So, it still does not explain the published
specifications of 17A.
Please point me to the specification. I believe it must be a worse case spec. I would guess Intel measured some standby currents on functional chips down at what they call L nominal = Lmin + CD control = 60 nm. Now, remember... I think this L nominal actually is the minimum mean poly at which Intel expects to be able to ship a part assuming it meets some across chip linewidth variation of say +/- 80A 3 sigma. Intel claims such a 60nm device will have an off current or 100na/um for the low Vt case. The high Vt devices have off currents 10x lower and so do not contribute much especially if the low Vt devices comprise a significant percentage of the total devices on the chip.

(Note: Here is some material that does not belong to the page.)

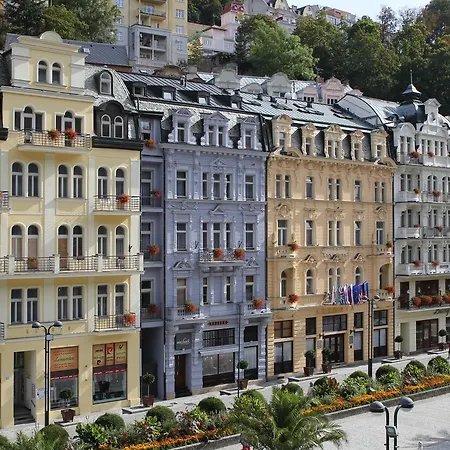 Astoria & Medical Hotel 4*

I'm now guessing that Intel uses low Vt for perhaps everything that runs at advertized freq. So that may well be 50% of the total devices. If you assume 25 million low Vt devices (mostly logic) and an average logic device width of 4um, you could get 10A standby current if you assume they all are at this 100na/um level. But, herein lies the problem and it is a big one. At 100na/um off current, the NFET still has a threshold of around 130mv. It's Ion/Ioff ratio still is around 10,000. If all the devices were like that, there would be no problem. However, these 25 million low Vt devices with a mean at 60nm actually have some distribution around that mean which is whatever Intel is getting for their across chip linewidth variation. This is a function of mask quality, lith quality, RIE quality, among other things. Despite what they may claim, I sincerely doubt it is better than +/- 80A 3 sigma around that mean of 60nm. And it is not necessarily the off current from the few devices down below the spec that is the problem. Even at 10,000nA/um, the Ion/Ioff ratio is 100:1. The problem is the threshold voltage of those few devices. I refer you again to Intel's chart from their 2001 IEDM paper of Vt vs L poly for the low Vt NFET at high drain bias. At 60nm, it is around 130mv. At 50nm, it is around 40mv. So, we have millions of devices in critical paths with Vts varying from above 130mv down to at least 50mv. Extremely dangerous, I would think. I can't believe this stuff will ever get shipped. As, I said previously, none of this is an issue until you get down to near that minimum mean of 60nm. From that paper, I don't see Intel reaching 3GHz with the process as it is now. The schmoo plot even shows it. And I doubt they would be so foolish to ship parts with 17A standby current even if they passed all stress tests. A stand by current that high guarantees that a significant number of devices are on that very steep roll off part of the Vt vs. L poly curve. It is extremely dangerous to operate there. I believe they will have to shrink the process further (perhaps 10-15% area)) and perhaps raise the voltage slightly to get a significant number of 3GHz parts. The IEDM paper specifically mentions a 5% linear shrink and I wouldn't doubt Intel would raise the voltage again to 1.55v or 1.6v if pressed and if additional stress readouts look promising. Makes sense???
THE WATSONYOUTH
P.S. I remember a time when standby currents were of the order of several hundred milliamps. |